I have never seen "wild" tiger prawns or shrimp before. Only farmed raised. And when you say large, how large do you mean. 16-20 large?

Cook them like you would shrimp. Quick.
I like to cook shrimp in the shell as they seem so much bigger after peeling than when I cook them shelled and deveined.
But large shrimp/prawns will have a substantial gut (entrails) you want to get rid of.
You can remove the vein after you cook and peel them under running water.


----------



## creative (Feb 7, 2015)

Roll_Bones said:


> I have never seen "wild" tiger prawns or shrimp before. Only farmed raised. And when you say large, how large do you mean. 16-20 large?
> 
> Cook them like you would shrimp. Quick.
> I like to cook shrimp in the shell as they seem so much bigger after peeling than when I cook them shelled and deveined.
> ...


These are quite long - 7"/17cm.  I know they cook quick but how to tell when done? Just turn pink?
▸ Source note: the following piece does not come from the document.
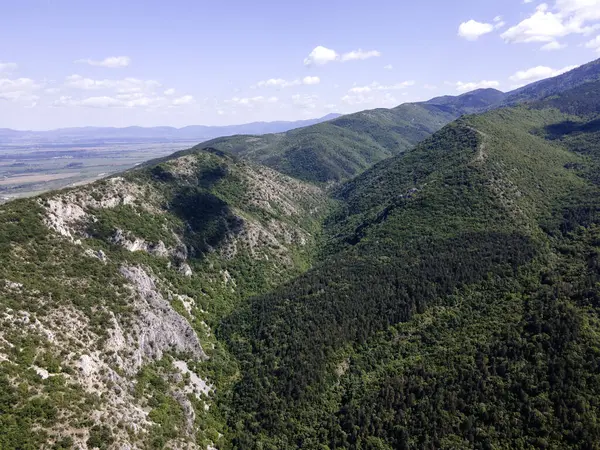 Bulgaristan 'ın Filibe Bölgesi Asenovgrad kenti yakınlarındaki Rodop Dağları' nın Havadan Bahar manzarası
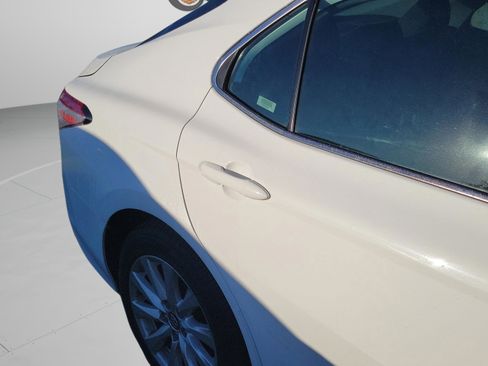 Used 2019 Toyota Camry LE image 17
Yeah I think best cooked in shell for max flavour and devein afterwards (assuming the vein/gut does not contaminate the taste)


----------



## GotGarlic (Feb 7, 2015)

I would cut the shell down the back and devein them before cooking and still leave the shell on. I think you'll have to cut one in half to check doneness. When the outside is pink, they may not be cooked through yet.


----------



## CraigC (Feb 7, 2015)

creative said:


> These are quite long - 7"/17cm.  I know they cook quick but how to tell when done? Just turn pink?
> 
> Yeah I think best cooked in shell for max flavour and devein afterwards (assuming the vein/gut does not contaminate the taste)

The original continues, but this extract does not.